▶ _DATA FOR THIS EXERCISE_:
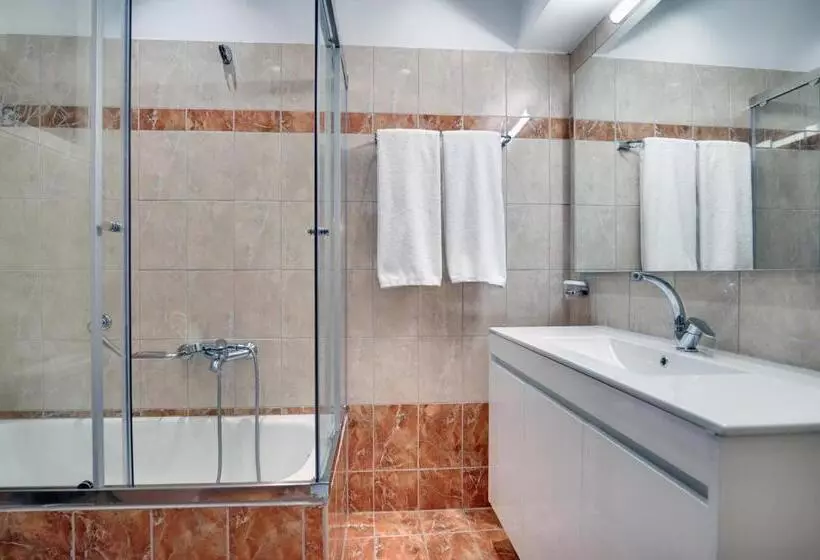 Fotos del hotel Palladion:  7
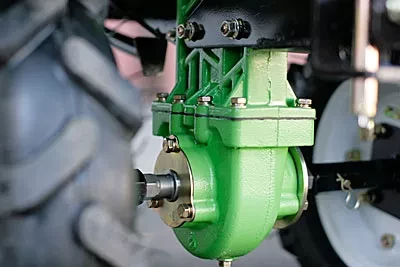 Мотоблок бензиновый Aurora COUNTRY 1000 купить в Новом Уренгое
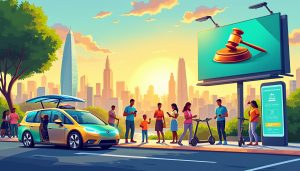 découvrez comment la réforme de l'assurance en californie pourrait transformer l'avenir du covoiturage dans l'état. analyse des enjeux, opportunités et impacts pour les usagers et les professionnels.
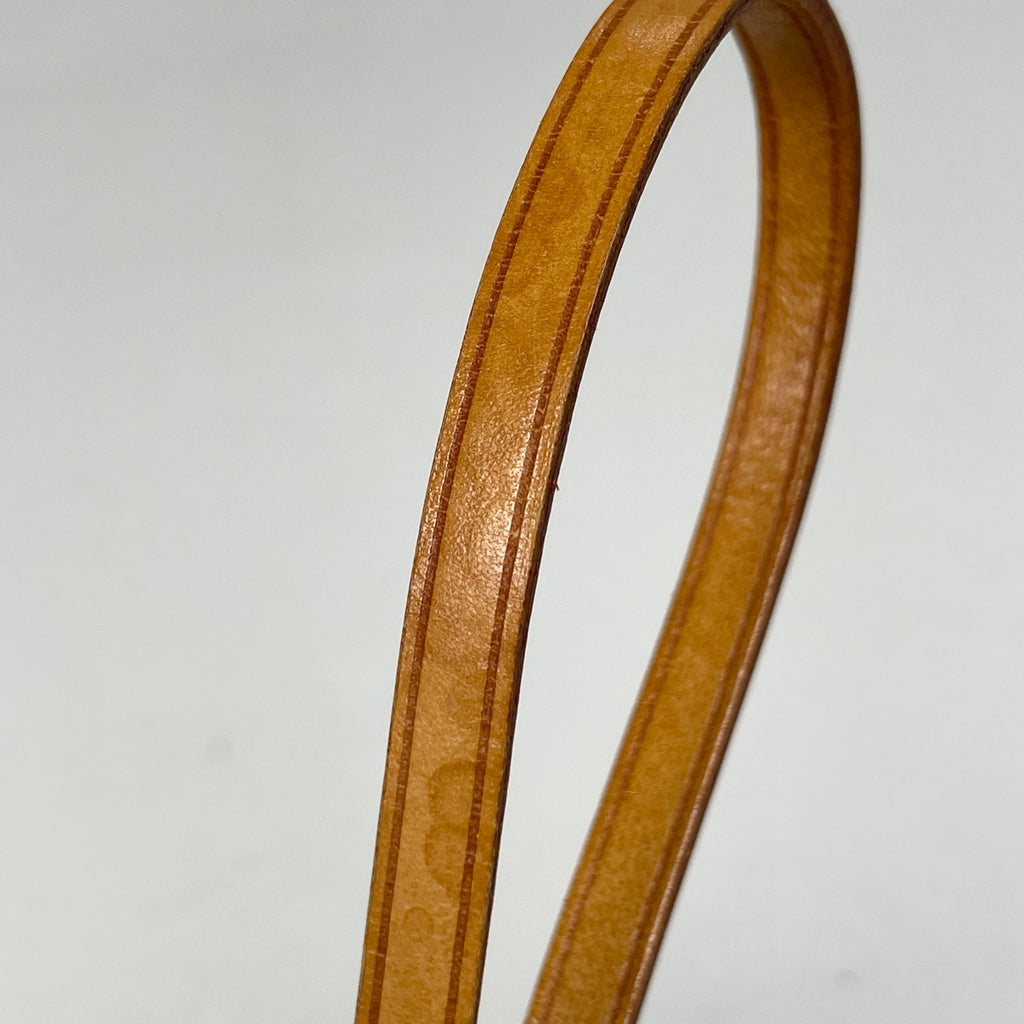 ルイ・ヴィトン ポシェット アクセソワール メイク コスメ アクセサリーポーチ モノグラム ブラウン M51980 レディース 【中古】brbag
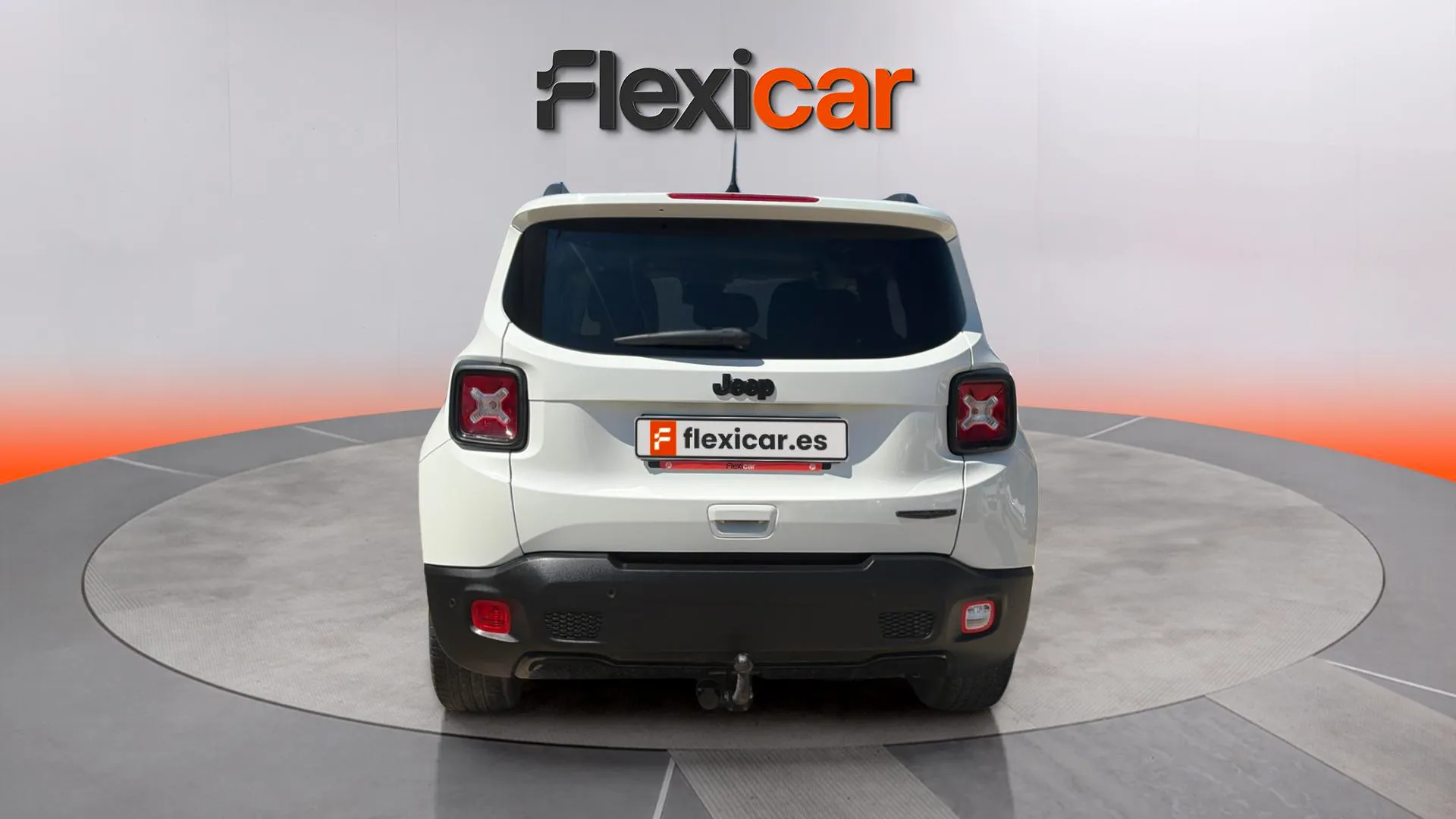 Jeep Renegade 1.0G Night Eagle 4x2 - foto 5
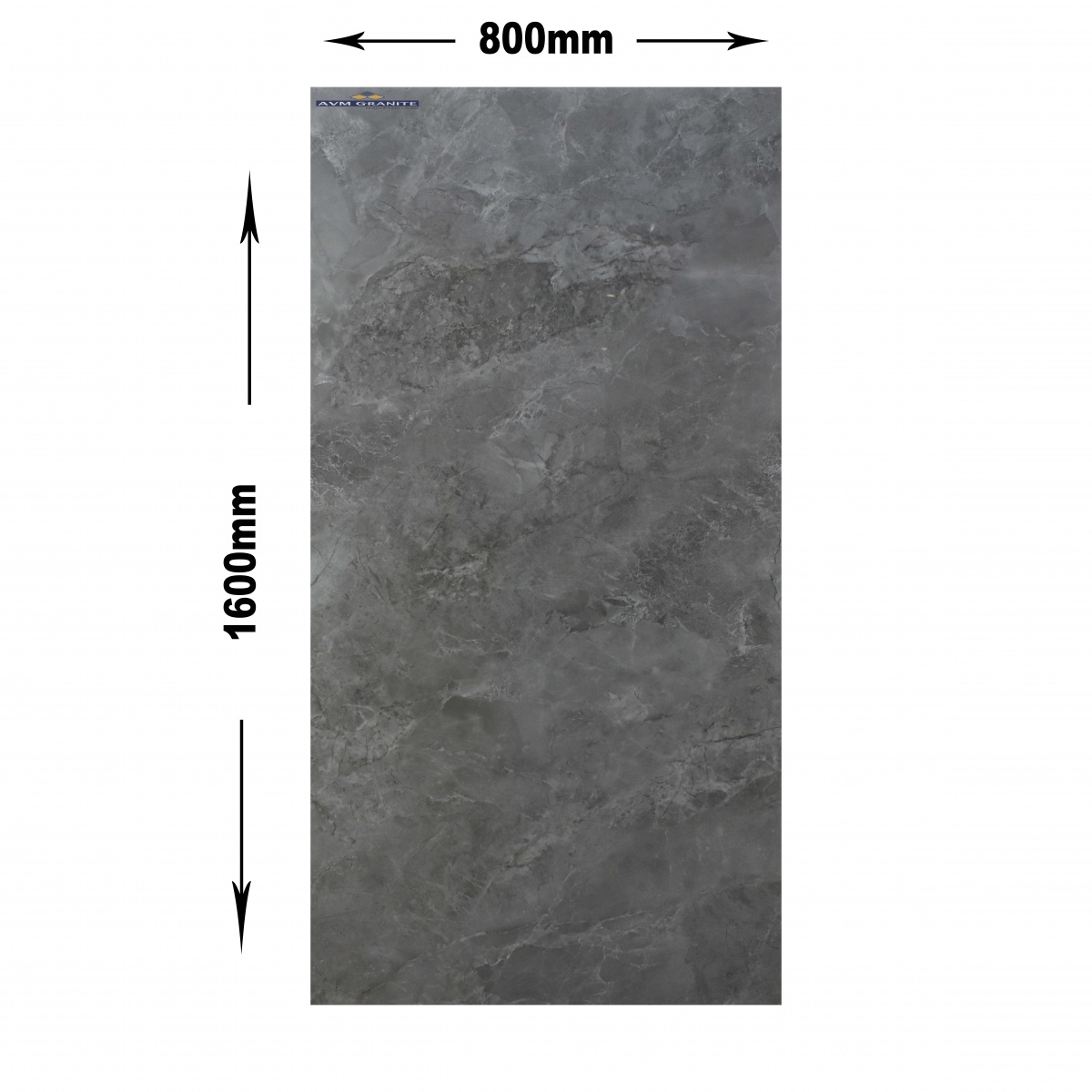 Vega Grey Italian Endless (800 x 1600, Motto) - 5
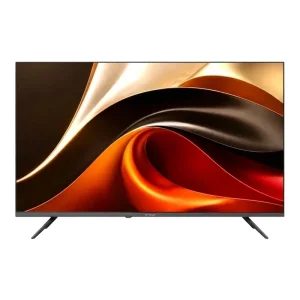 تلویزیون هوشمند ایکس ویژن مدل XYU730 سایز ۵۵ اینچ Ultra HD 4K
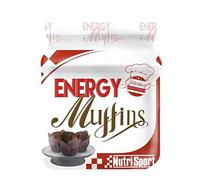 Nutrisport Energy Muffins Chocolate 560Gr. 560 ml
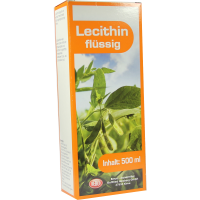 LECITHIN FLÜSSIG Berco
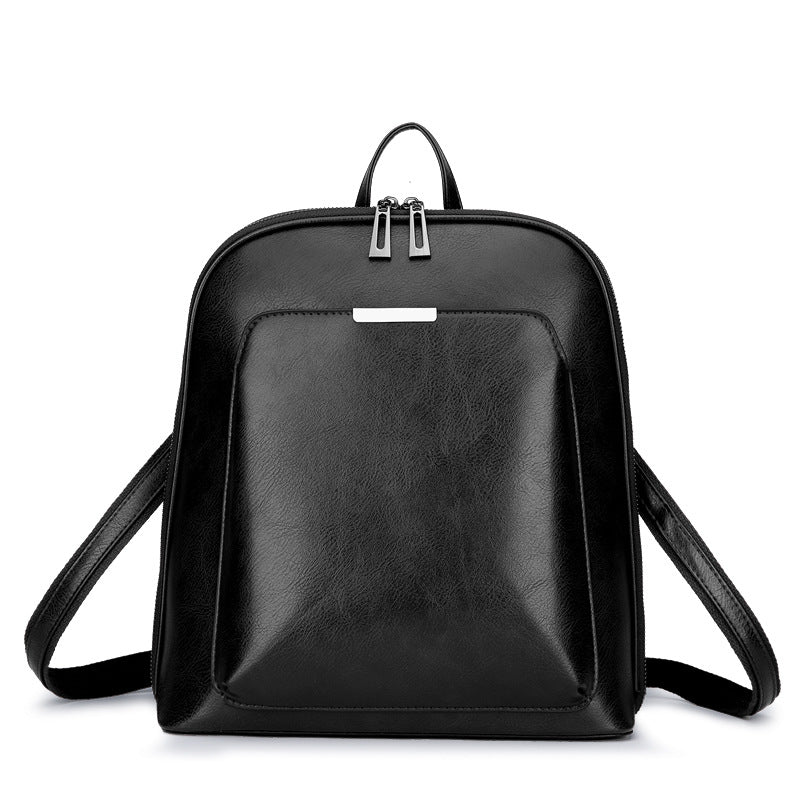 Backpack women fashion elegant backpack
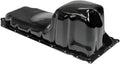 OIL PAN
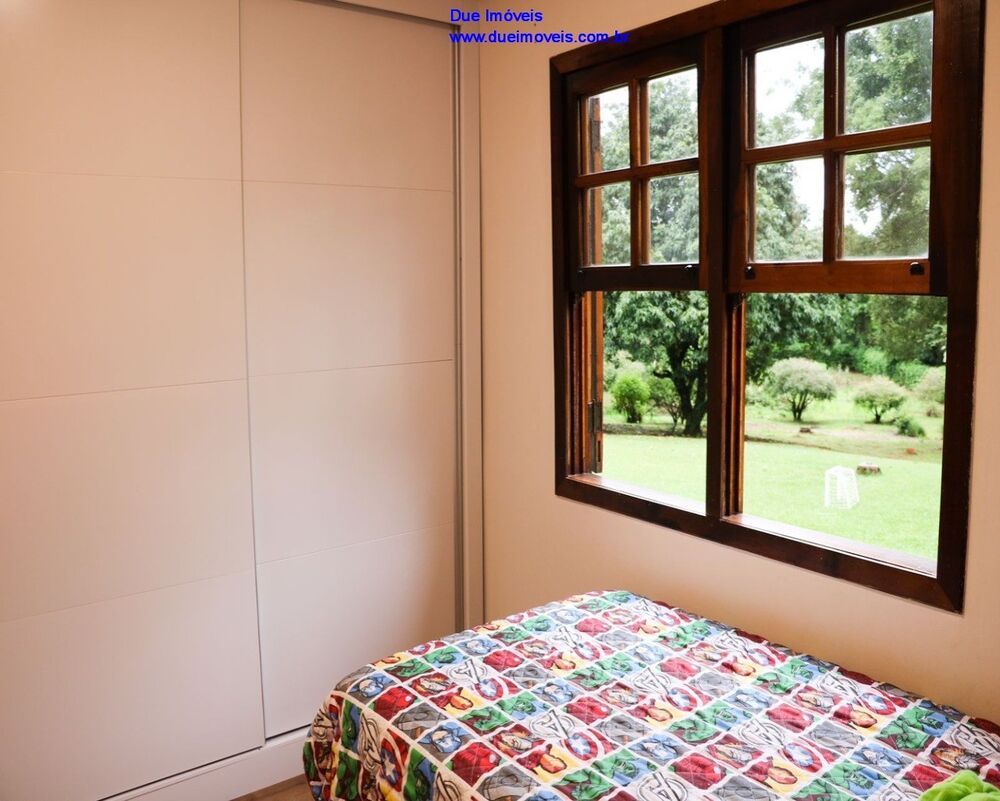 Chácara, 5 quartos - Foto 10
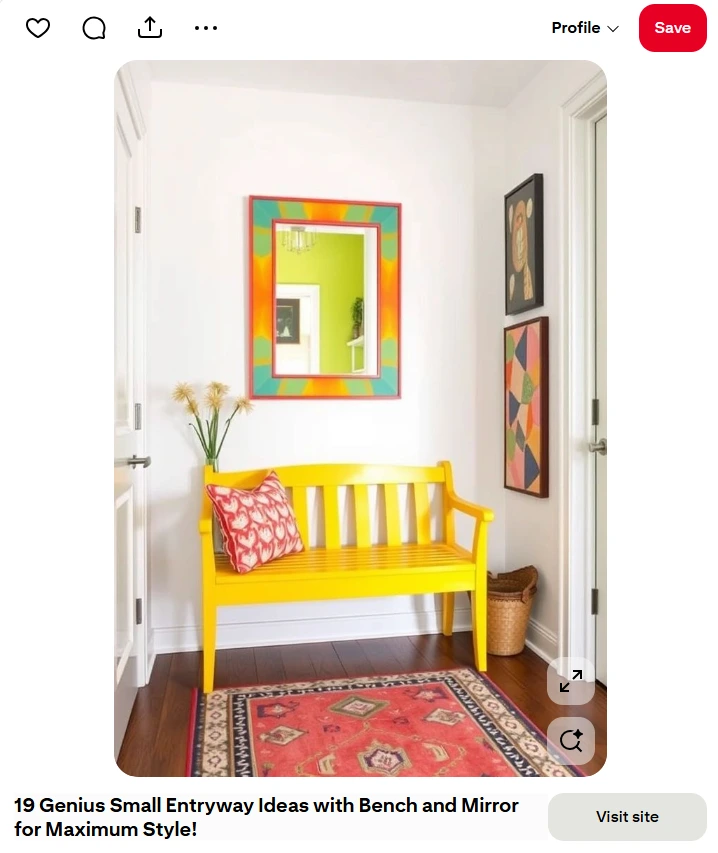 Як заробляти на Pinterest у 2026: 10 ідей, які реально працюють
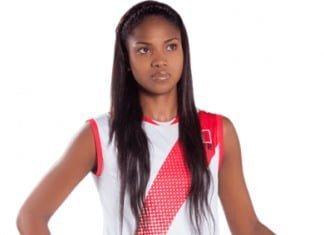 Magui Laura, nueva fichaje internacional del CAV Esquimo Magui Laura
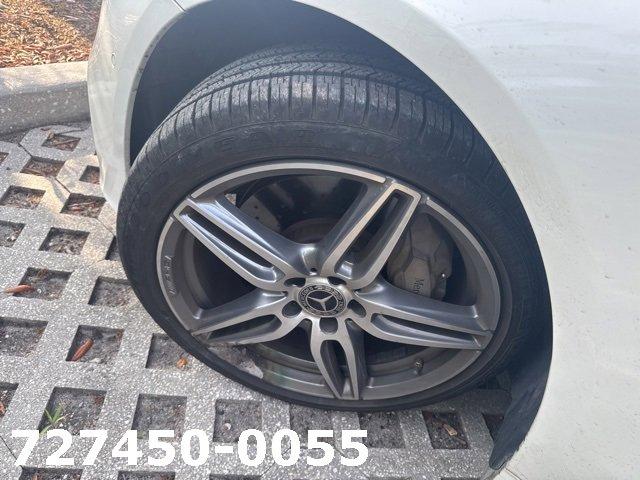 used 2019 Mercedes-Benz E-Class car, priced at $39,222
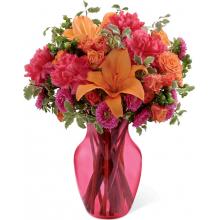 C7-4862 The FTD® All Is Bright Bouquet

▶ _ABOUT THIS EXERCISE_: Set down all the data again exactly as above, pictures excluded.

▶ _SOLVED PROBLEM_:
 Fotos del hotel Palladion:  7
 Мотоблок бензиновый Aurora COUNTRY 1000 купить в Новом Уренгое
 découvrez comment la réforme de l'assurance en californie pourrait transformer l'avenir du covoiturage dans l'état. analyse des enjeux, opportunités et impacts pour les usagers et les professionnels.
 ルイ・ヴィトン ポシェット アクセソワール メイク コスメ アクセサリーポーチ モノグラム ブラウン M51980 レディース 【中古】brbag
 Jeep Renegade 1.0G Night Eagle 4x2 - foto 5
 Vega Grey Italian Endless (800 x 1600, Motto) - 5
 تلویزیون هوشمند ایکس ویژن مدل XYU730 سایز ۵۵ اینچ Ultra HD 4K
 Nutrisport Energy Muffins Chocolate 560Gr. 560 ml
 LECITHIN FLÜSSIG Berco
 Backpack women fashion elegant backpack
 OIL PAN
 Chácara, 5 quartos - Foto 10
 Як заробляти на Pinterest у 2026: 10 ідей, які реально працюють
 Magui Laura, nueva fichaje internacional del CAV Esquimo Magui Laura
 used 2019 Mercedes-Benz E-Class car, priced at $39,222
 C7-4862 The FTD® All Is Bright Bouquet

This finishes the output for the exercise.